Is information a “thing” for the purposes of a search warrant? According to Mero 2003 BCSC 964, a regular search warrant to search for things and seize them (in that case under CDSA s.11) would be sufficient authority for examining a scene and taking pictures, and you don't need a General Warrant. If so, then the section must also authorize collecting data from a computer system at a place.
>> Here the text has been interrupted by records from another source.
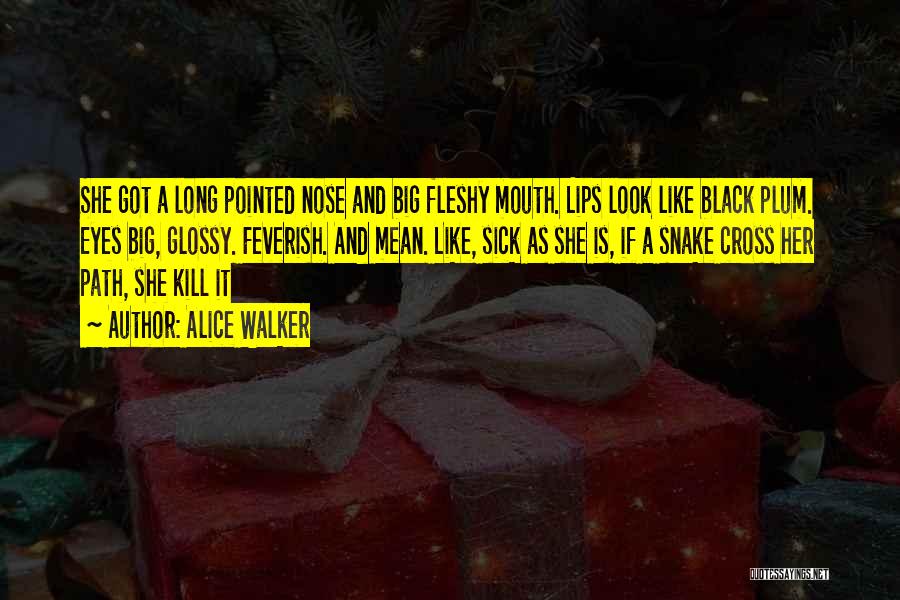 Alice Walker Quotes: She Got A Long Pointed Nose And Big Fleshy Mouth. Lips Look Like Black Plum. Eyes Big, Glossy. Feverish. And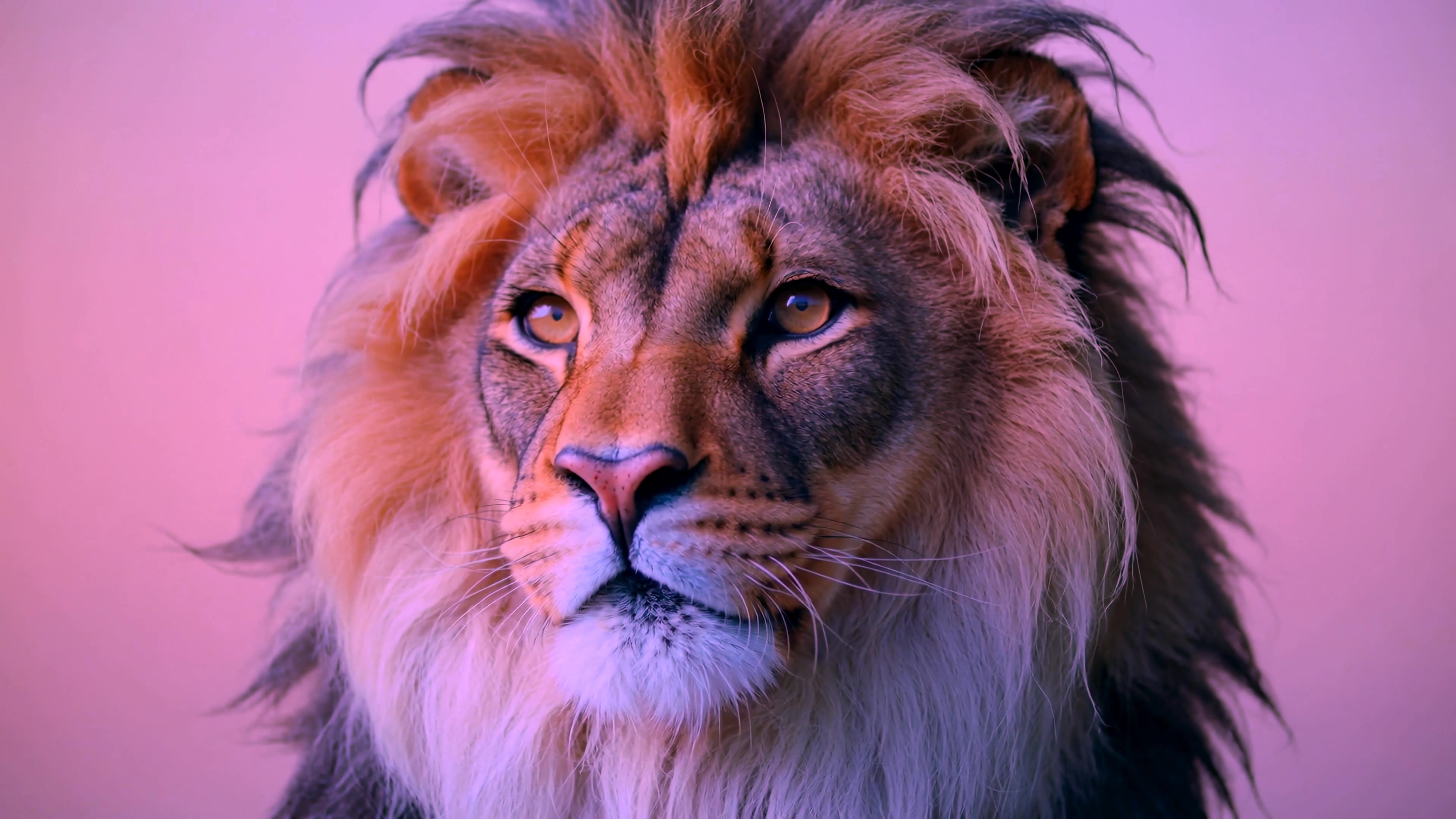 Lion standing in front of a colorful background during a video shoot at a studio
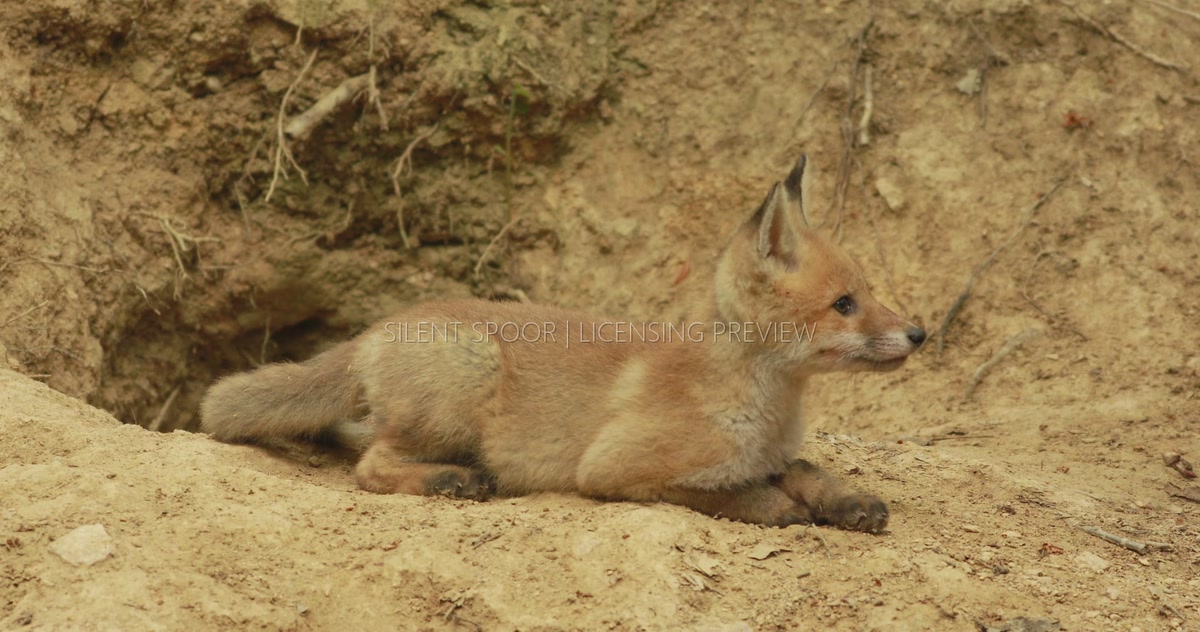 Red Fox Cub Watching Intently Outside Its Den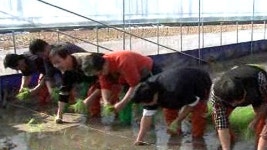 [수도권] 이천시 하우스단지 한파 속 첫 모내기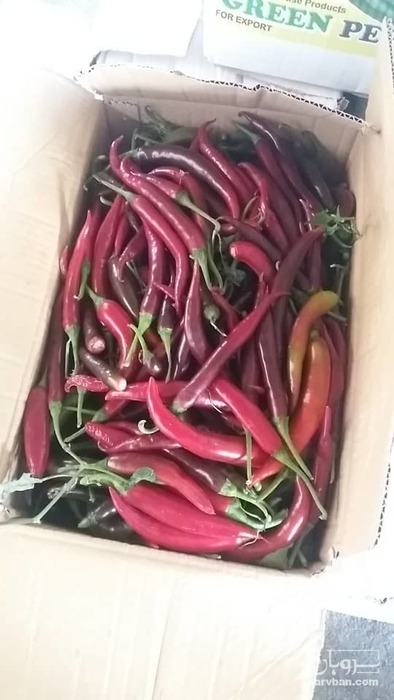 فروش فلفل قرمز شمشیری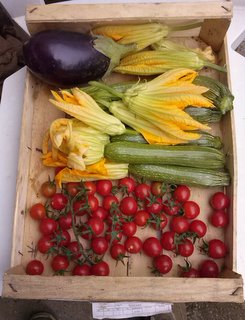 zucchini pomodorini malanzana / CAM00680.jpg CAM00680.jpg
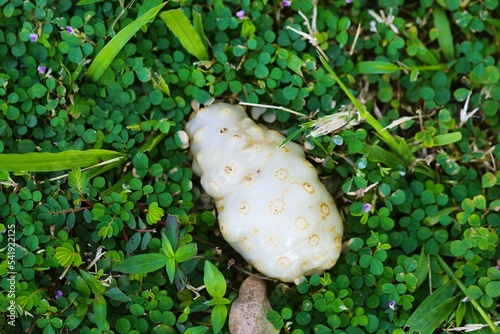 Noni is placed in the middle of the grass after falling from the tree. photo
A production order requires a person in the jurisdiction to produce documents or data in his or her possession or control. But a justice may only make orders against a person within the jurisdiction. In BC v. Brecknell, 2018 BCCA 5, the court found that a production order can compel a local person to produce data from outside the jurisdiction, and that person can be "virtually" here rather than physically. This meant that a Canadian justice could order Craigslist, a Californian company that does business in BC virtually, to produce data. Other judges disagree.
Stored text messages may be produced by a single production order without triggering an “interception”. In R. v. Jones, 2017 SCC 60, the police obtained a single production order for stored text messages. The defence complained that this was also “interception”. Because it did not produce the content of a conversation in anything close to real time, it was not an interception.
A judge in Newfoundland disagreed: In the Matter of an application to obtain a Production Order pursuant to section 487.014 of the Criminal Code of Canada, 2018, 2018 CanLII 2369 (NL PC)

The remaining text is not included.